Oh yes, here’s the fun part.


This is a Matt Nass special, as should be obvious by the lack of formal win conditions, the many-piece combo that gets naturally assembled, and the fact you can backdoor a normal win with these cards.

The kill is Teshar, Ancestor’s Apostle; Diligent Excavator; two Rona, Disciple of Gix; and two free artifacts that die. You only really need to start with the first two on the battlefield. If a Teshar trigger returns Rona, which exiles a Chamber Sentry, you can cast the Chamber Sentry for zero to recur another Rona, which exiles another zero because the first Sentry is on the stack, then the first Rona dies, then you get to cast the now-exiled zero and loop it all back while Diligent Excavator mills them. Since you get most of these pieces from the graveyard, Diligent Excavator as self-mill when you only have the partial combo lets you put it all together way faster than you would think.

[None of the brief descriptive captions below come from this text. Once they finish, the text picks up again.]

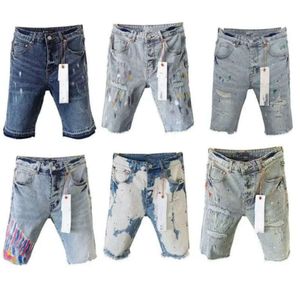 Purple Designer Mens Jeans Hot Shorts Brand Hip Hop Casual Short Knee Lenght Jean Clothing 29-40 Rozmiar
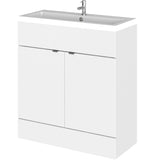 Hudson Reed Fusion 800mm Full Depth Basin Vanity Unit & Basin, 2 Doors Gloss White CBI128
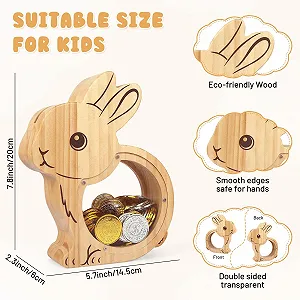 Скарбничка Дерев'яна Кролик з наклейками Персоналізована synthetic.ua - Фото 1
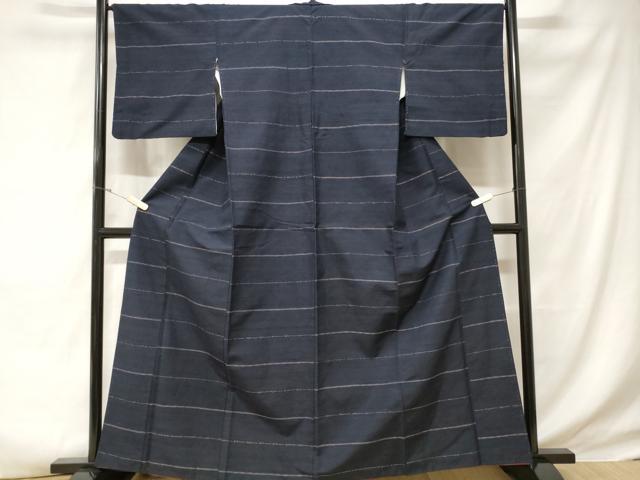 平和屋着物■上質な紬 横段文 正絹 逸品 CABD3494ev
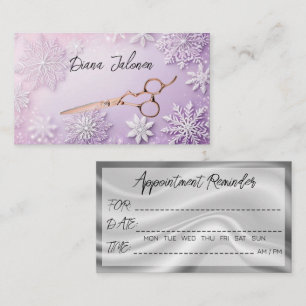 Carte De Visite Snowflakes Coiffeur d'hiver Rappel de rendez-vous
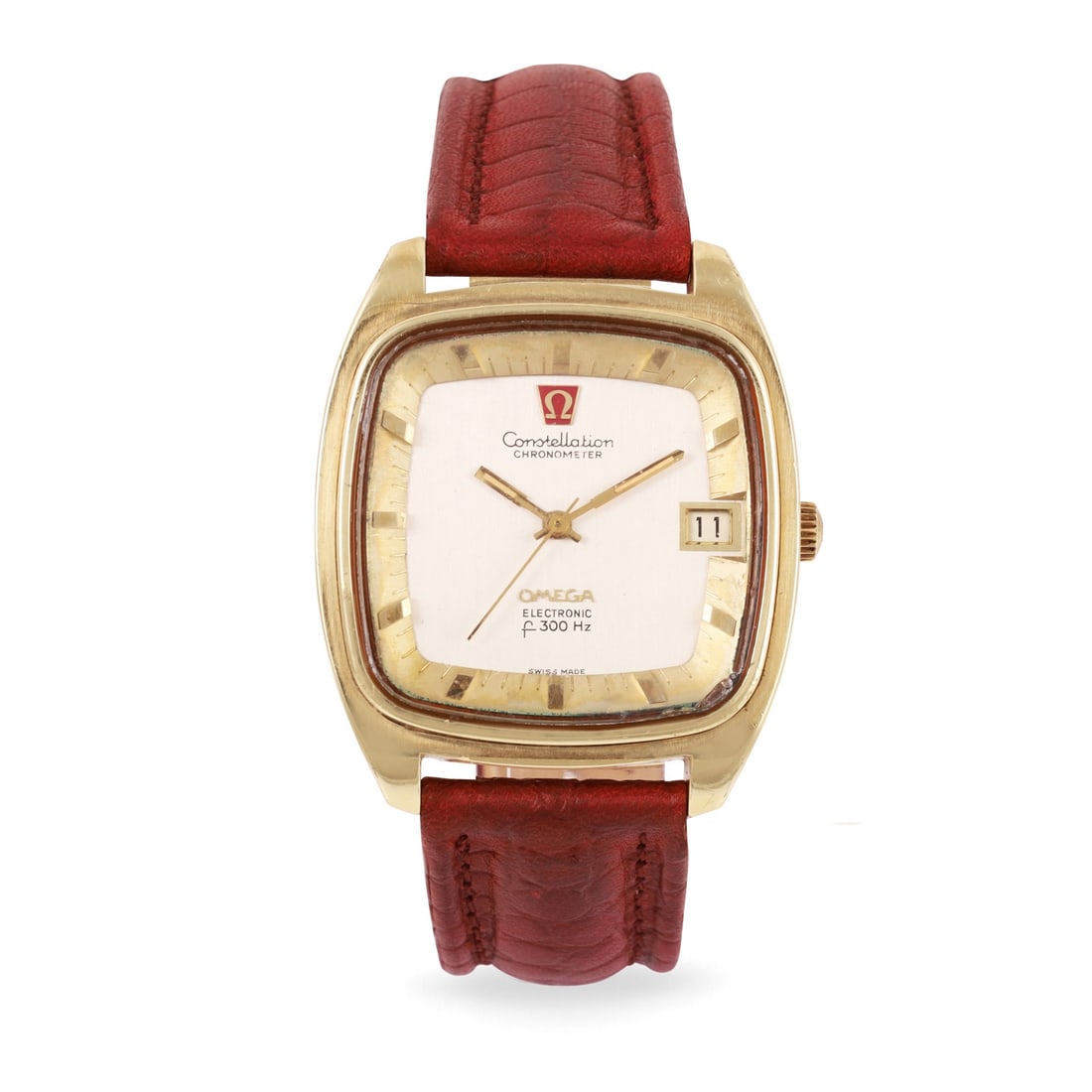 Omega: Omega Ref: 1980027, 'Constellation' Fine, electronic, steel and gold plated wristwatch with date and original buckle Made in1972. Accompanied by an omega box DIM: 36 x 41 mm Note: crystal scratched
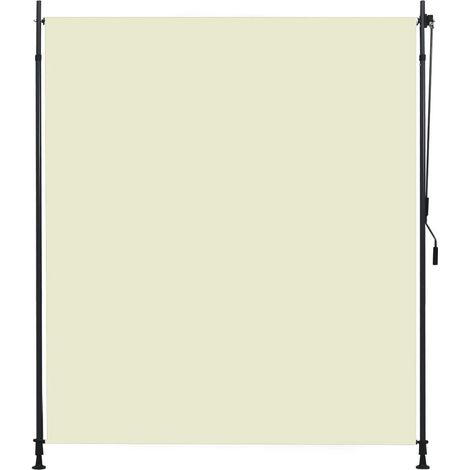 Store banne roulant d'extérieur 200 x 270 cm crème – Système à manivelle – Résistant aux UV – Poteaux réglables 2-3 m – True Deal (1/5)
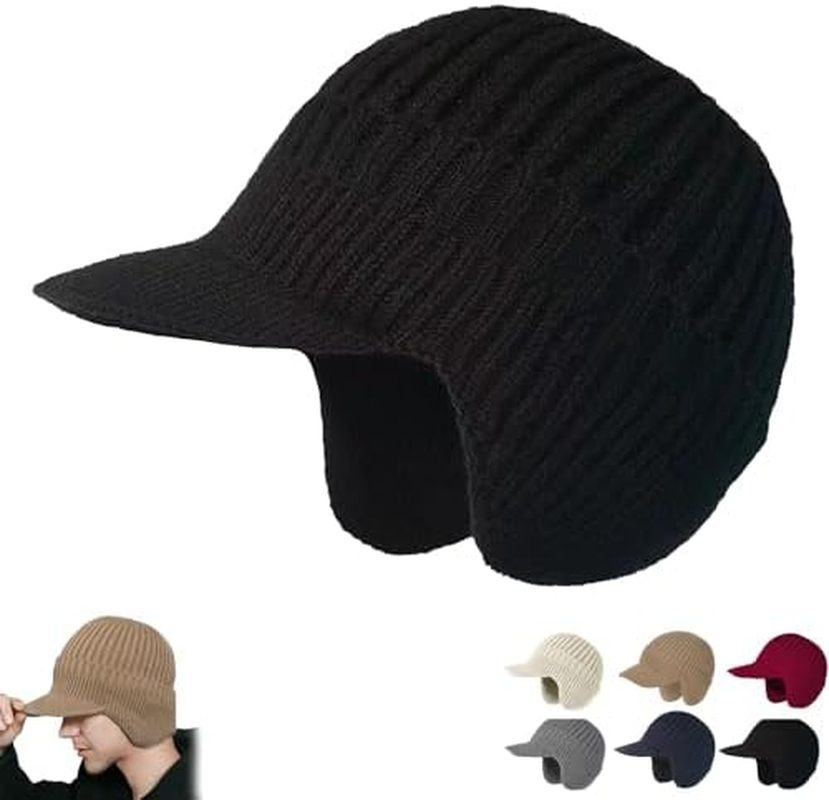 Joyhnny Cozyhead Beanie,Johnny Cozy Head Beanie,Sherum Winter Warm Caps with Brim,Warm Ear Protection Fleece Knitted Hat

But there’s still only four Teshar, Ancestor’s Apostle and four Diligent Excavator, so Scheming Symmetry is the assembly you need. You have the obvious Teferi, Time Raveler interactions I’ve gone over, but you also have Diligent Excavator as the one mill exploit I alluded to earlier to KO their half of the tutor.

Modern

Here’s the real fun stuff.

Scheming Symmetry is a forced search.


I don’t think I’m pushing this nearly hard enough with just Street Wraith, no Mishra’s Bauble, and no delve. Playing Glimpse the Unthinkable and Mesmeric Orb might just be the mistake. I think we are reaching the point where Mill is becoming less clunky Burn and more some turbo-Archive Trap deck, which actually sounds like a much more successful strategy.

Let’s swing over to a different mill deck. Well, technically mill.


Scheming Symmetry is all you want in these Ensnaring Bridge Prison decks. The problem with Whir of Invention is sometimes you draw too many cards that cost three between all your Bridges and Whirs, and the problem with no Whir is that you never draw your Bridges. Scheming Symmetry is more Ensnaring Bridge that just doesn’t cost three and lets you empty your hand against aggro decks.

I’m not sure how, but it would be nice to have a cantrip to immediately access your Scheming Symmetry finds. The reason I’m not sure is that every cantrip with a mana cost you add to your Ensnaring Bridge deck sucks a lot, and Mishra’s Bauble doesn’t give you immediate access. You also may want to hedge a bit more for Shenanigans, but I’m going to wait for people to show me that card exists before I care that much.

Finally, we can try a really hardcore combo deck. I can see Goryo’s Vengeance working out with Scheming Symmetry as another way to assemble whatever the correct half of your combo is, but I just want to keep iterating on a deck I already was hyped about from Modern Horizons.

I already talked about Bolas’s Citadel in a much fairer format, so how can we break it in a way less fair one?


The numbers are a bit off between immediate cantrip artifacts and fast mana like Pentad Prism, but the pieces are coming together. I doubt the next set will bring Bolas’s Citadel yet another key piece the way these last three have, but you never know.

Older Formats?

I don’t have lists here, just comments and ideas.

People don’t even play Imperial Seal in Vintage, so I’ll pass on the effect there. Even if that’s the only spot I can play Gitaxian Probe with my Scheming Symmetry.

But Vampiric Tutor is banned in Legacy. A similar effect is certainly worth a look.

In Storm, I’m not a fan. If you build an immediate tutor with a cantrip, you are paying the same two mana as Infernal Tutor or Dark Petition with spell mastery. Then when you loop back through with Past in Flames it costs you another blue mana to set up, which is often a constraint. The only upside is that it costs one with Ad Nauseam while Dark Petition costs five, but that’s a really marginal issue.

So is this card going to do things that Entomb isn’t already covering with redundant reanimation spells? I’m unsure, but it’s promising for Tin Fins, where you have very specific reanimation targets.

I wouldn’t be shocked if I’m missing something because Scheming Symmetry is just so easy to make work. Yeah, there’s all the other nonsense, but at its core you just want to draw a card and then kill them immediately, and there’s really nothing else a topdeck tutor wants you to do.